Introduction

Urbanisation is a dramatic land use modification that radically alters the physical structure and ecosystem function in the landscapes it affects, with far reaching consequences for the biotic community. Biodiversity declines typically follow urbanisation, leaving a depleted and homogenised suite of species (Clergeau et al. 2006; McKinney 2002; McKinney 2006). For species that remain, the urban environment presents new challenges and opportunities. Urban dwelling animals must contend with built structures replacing natural vegetation, fragmentation and isolation of remaining greenspaces, increased levels of pollutants, potential competition with exotic species, and exposure to anthropogenic sources of disturbance (McKinney 2002; McKinney 2006; Shochat et al. 2006; Taylor and Hochuli 2017). However, species capable of persisting in urban areas may be able to take advantage of vacant niches, new resources, high primary productivity, heterogeneous green spaces, and potential release from natural competitors and predators (Callaghan et al. 2019a; Crooks and Soule 1999; Martin et al. 2010; Møller and Ibáñez-Álamo 2012; Shochat et al. 2006). With urbanisation increasing worldwide (Seto et al. 2012), it is vital to understand the mechanisms by which species become urbanised or fail to persist in order to better manage biodiversity in cities.

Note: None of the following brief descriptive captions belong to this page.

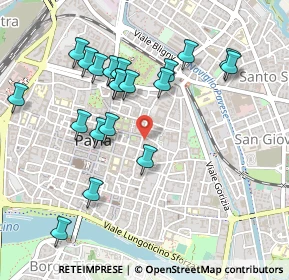 Mappa Via Defendente Sacchi, 27100 Pavia PV, Italia (0.492)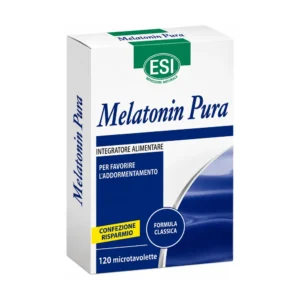 Esi Melatonin Pura 1mg 120 microtavolette, integratore di melatonina pura ESI.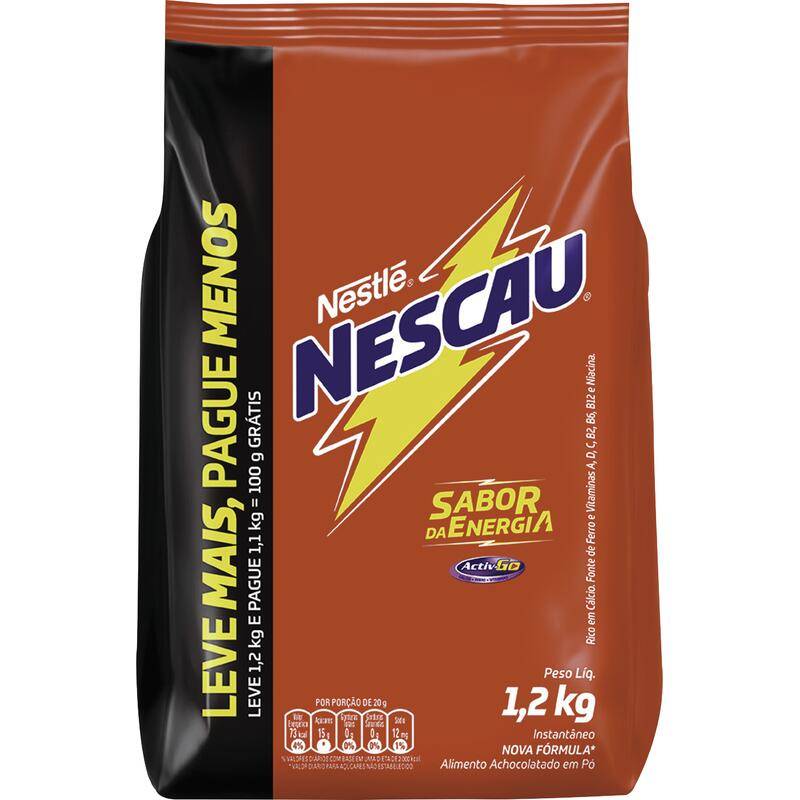 Nestlé achocolatado em pó nescau (1,2 kg)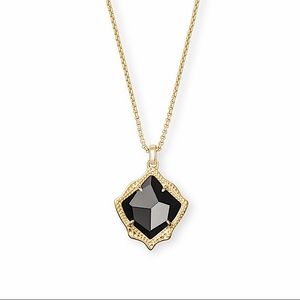 Kacey Gold Long Pendant Necklace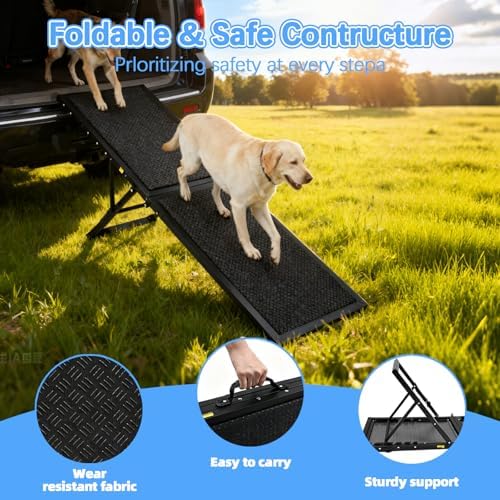 Dog Ramp for Car, 33.2"x 12.8" Dog Stairs for Large Dogs - Image 2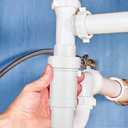 LESSO 1 1/4" PVC Repair Coupling, PVC Pipe Repair 1-1/4 inch Kit for Broken or Cracked In-Ground Pipe Fittings Waterproof Durable, SCH40 White (2 Sets)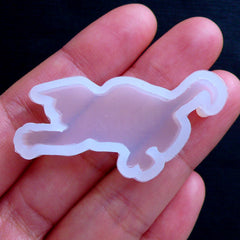 Kawaii UV Resin Mould | Cat Mold | Animal Cabochon Mold | Flexible Silicone Mold | Epoxy Resin Soft Mold (40mm x 22mm)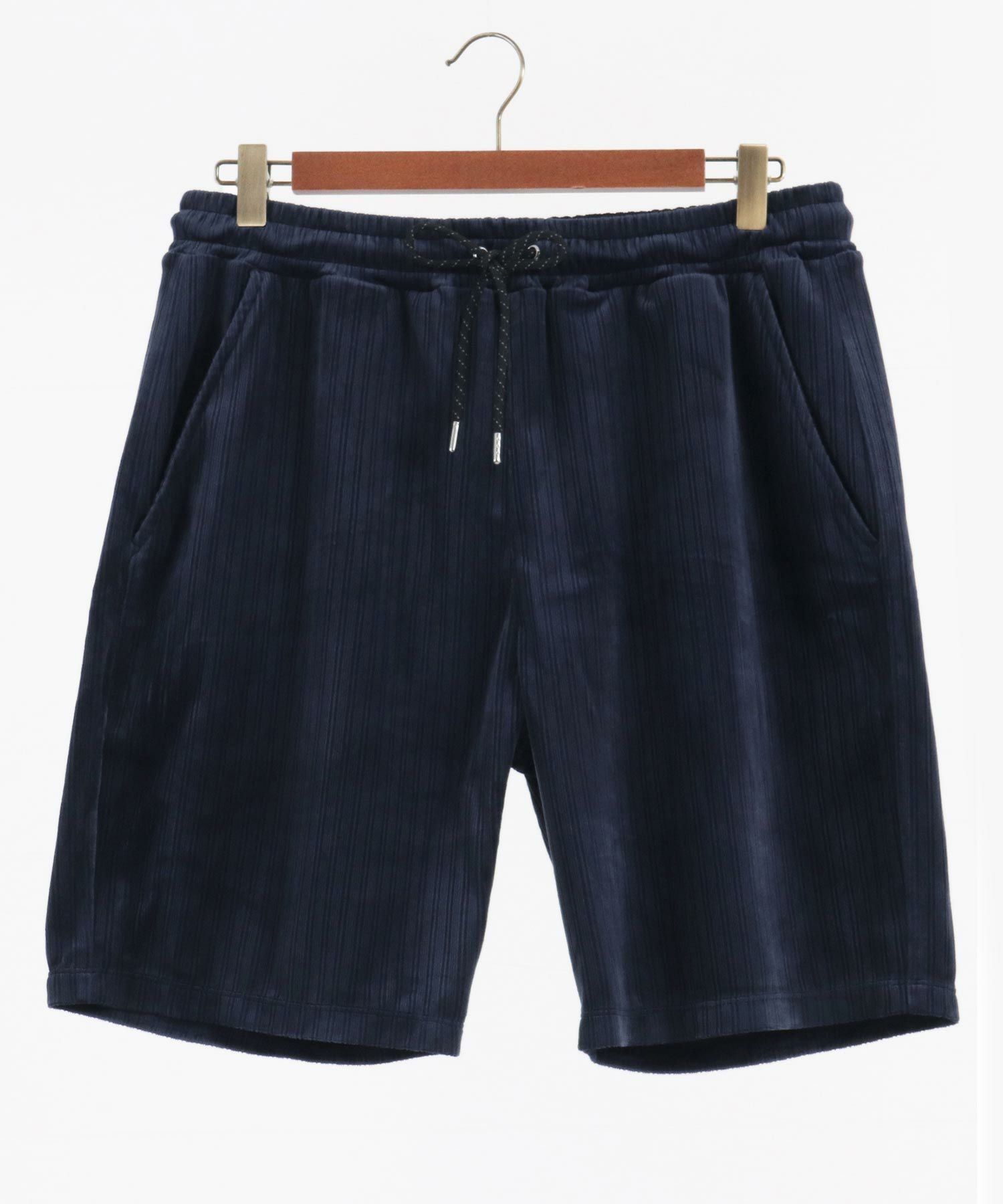 50%OFF【CAMBIO(カンビオ)】Stretch Random Stripe Short Pants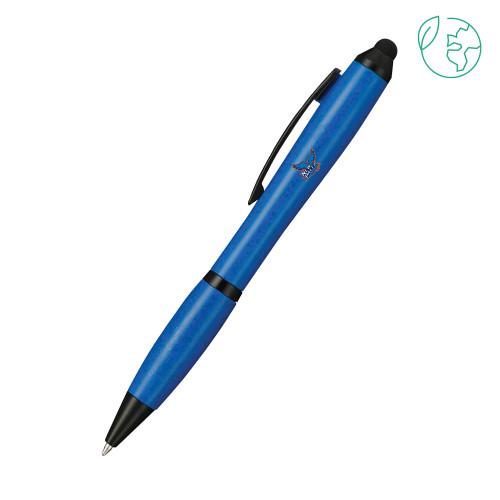  Nash Wheat Straw Ballpoint Royal Stylus Pen - Official Logo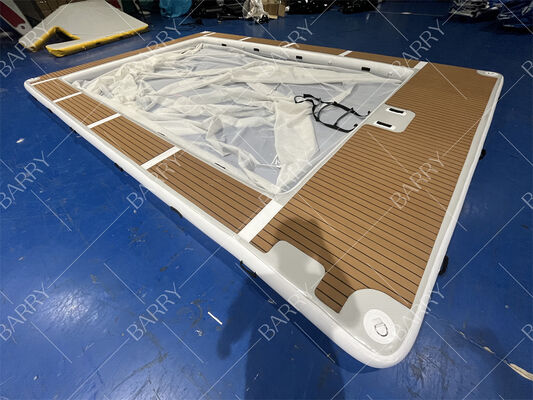 حمام سباحة على شكل قنديل البحر قابل للنفخ مع شبكة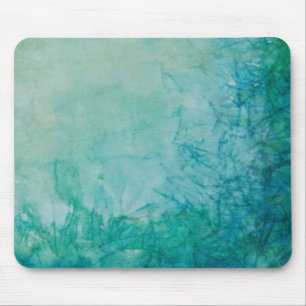 Mousepad Papel com abstrato azul, verde, e preto da pintura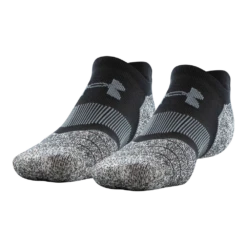 Under Armour Men's Elevated Performance Golf No-Show Socks Moisture-Wicking 2-Pack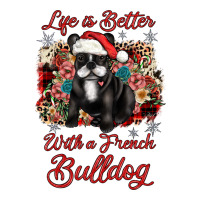 christmas life is better with a french bulldog | Teevron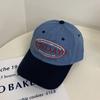 Gorra de béisbol americana bordada con letras a juego para mujer, estilo ins, primavera y otoño, combina con todo, con la cara mostrada, gorra pequeña, marca de moda.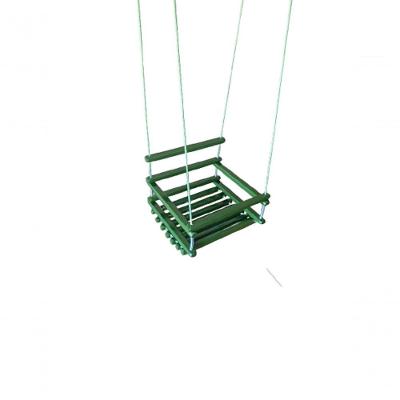 Balanço Gangorra Infantil Madeira 40x35 Verde Suporta 80kg.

Species modify their behaviour in response to environmental change to avoid evolutionary mismatches with potential negative fitness consequences (Sih 2013). For example, failure to avoid novel predators can lead to population declines in native species (Dickman 1996; Sih et al. 2010). Due to the often extreme differences between urban and natural environments, animals in urban areas are, in general, predicted to behave differently to those in natural areas. Successful urban colonising species are expected to have highly plastic or generalist behaviours to increase their chances of survival in variable environments (Callaghan et al. 2019b; Tryjanowski et al. 2016). Behavioural changes in response to urbanisation have been detected in many aspects of animal behaviour across varied taxa (Lowry et al. 2013; Sol et al. 2013). These include changes in foraging behaviour (Sol et al. 2011), reproduction (Beck and Heinsohn 2006), communication (Slabbekoorn and Peet 2003), and habitat use (Stroud et al. 2019).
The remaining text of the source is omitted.